About this exercise: Return only the number of lines in the data below where the word "together" appears.

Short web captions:
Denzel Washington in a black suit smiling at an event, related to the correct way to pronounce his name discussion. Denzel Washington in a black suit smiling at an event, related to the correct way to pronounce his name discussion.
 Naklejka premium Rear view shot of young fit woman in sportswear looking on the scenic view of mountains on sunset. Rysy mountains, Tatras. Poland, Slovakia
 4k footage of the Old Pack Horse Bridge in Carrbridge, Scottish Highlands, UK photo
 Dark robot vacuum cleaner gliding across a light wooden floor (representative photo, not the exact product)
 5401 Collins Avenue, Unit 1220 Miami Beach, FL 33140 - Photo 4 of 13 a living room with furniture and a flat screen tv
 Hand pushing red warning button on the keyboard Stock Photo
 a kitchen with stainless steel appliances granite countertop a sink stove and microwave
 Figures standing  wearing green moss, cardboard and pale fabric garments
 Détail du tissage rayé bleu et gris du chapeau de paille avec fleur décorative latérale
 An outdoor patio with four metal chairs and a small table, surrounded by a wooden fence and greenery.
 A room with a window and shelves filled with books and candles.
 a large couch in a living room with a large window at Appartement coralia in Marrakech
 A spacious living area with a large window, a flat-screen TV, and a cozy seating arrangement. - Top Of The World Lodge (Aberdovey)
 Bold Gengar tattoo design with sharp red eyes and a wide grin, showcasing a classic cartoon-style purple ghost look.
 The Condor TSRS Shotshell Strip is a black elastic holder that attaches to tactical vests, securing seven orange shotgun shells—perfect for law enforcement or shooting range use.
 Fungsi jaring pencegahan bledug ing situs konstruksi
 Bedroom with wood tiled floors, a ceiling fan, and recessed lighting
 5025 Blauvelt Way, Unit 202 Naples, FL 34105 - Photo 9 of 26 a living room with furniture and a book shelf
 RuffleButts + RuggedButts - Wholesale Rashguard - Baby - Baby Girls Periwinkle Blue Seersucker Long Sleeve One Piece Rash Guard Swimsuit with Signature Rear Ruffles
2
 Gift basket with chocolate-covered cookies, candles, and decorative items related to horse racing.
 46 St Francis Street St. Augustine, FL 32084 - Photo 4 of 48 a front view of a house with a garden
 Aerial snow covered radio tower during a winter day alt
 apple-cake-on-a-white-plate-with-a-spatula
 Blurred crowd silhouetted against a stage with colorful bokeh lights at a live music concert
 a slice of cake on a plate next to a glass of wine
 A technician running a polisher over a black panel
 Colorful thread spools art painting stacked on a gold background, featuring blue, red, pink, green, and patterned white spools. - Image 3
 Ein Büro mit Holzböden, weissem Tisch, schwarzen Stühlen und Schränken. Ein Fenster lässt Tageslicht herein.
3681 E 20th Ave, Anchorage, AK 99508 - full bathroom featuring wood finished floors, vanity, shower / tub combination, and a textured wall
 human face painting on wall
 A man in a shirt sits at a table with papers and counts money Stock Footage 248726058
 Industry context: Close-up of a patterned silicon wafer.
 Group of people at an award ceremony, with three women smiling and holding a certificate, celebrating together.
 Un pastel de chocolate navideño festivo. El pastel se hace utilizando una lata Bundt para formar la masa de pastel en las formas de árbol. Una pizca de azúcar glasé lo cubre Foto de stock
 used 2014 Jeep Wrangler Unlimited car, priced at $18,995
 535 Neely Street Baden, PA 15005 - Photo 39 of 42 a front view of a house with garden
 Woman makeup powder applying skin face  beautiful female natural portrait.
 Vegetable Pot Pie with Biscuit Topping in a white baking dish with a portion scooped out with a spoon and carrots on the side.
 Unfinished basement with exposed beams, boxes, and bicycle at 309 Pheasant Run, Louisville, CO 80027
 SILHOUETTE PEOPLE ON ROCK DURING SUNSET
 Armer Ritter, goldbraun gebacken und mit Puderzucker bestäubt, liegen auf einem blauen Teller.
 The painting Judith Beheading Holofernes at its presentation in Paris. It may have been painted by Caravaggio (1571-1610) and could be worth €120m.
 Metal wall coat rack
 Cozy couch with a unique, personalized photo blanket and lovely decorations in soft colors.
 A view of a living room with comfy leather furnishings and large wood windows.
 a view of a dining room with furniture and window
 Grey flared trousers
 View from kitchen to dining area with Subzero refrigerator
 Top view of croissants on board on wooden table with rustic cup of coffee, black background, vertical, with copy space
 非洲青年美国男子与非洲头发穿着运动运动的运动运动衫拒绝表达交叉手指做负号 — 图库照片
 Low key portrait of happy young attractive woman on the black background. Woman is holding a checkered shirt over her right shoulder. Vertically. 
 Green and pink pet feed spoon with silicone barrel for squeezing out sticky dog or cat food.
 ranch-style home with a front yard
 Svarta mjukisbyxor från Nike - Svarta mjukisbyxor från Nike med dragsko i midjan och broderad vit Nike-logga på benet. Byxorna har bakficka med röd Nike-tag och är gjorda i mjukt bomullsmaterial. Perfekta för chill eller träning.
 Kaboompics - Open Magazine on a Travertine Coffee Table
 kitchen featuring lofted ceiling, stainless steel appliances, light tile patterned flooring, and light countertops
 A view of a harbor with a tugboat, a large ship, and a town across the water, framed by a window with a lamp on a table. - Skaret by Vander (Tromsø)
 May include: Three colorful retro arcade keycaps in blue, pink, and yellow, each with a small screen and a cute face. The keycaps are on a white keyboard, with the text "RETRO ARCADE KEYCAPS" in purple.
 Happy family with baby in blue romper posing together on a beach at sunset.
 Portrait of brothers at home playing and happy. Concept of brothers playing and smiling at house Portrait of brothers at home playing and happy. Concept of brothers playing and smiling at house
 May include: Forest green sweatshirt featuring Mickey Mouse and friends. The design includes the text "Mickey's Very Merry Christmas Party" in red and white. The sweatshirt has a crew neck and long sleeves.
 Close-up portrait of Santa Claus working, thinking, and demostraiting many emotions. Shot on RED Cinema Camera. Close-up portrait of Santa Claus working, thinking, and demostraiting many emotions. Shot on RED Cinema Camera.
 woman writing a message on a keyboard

Result for this exercise: 2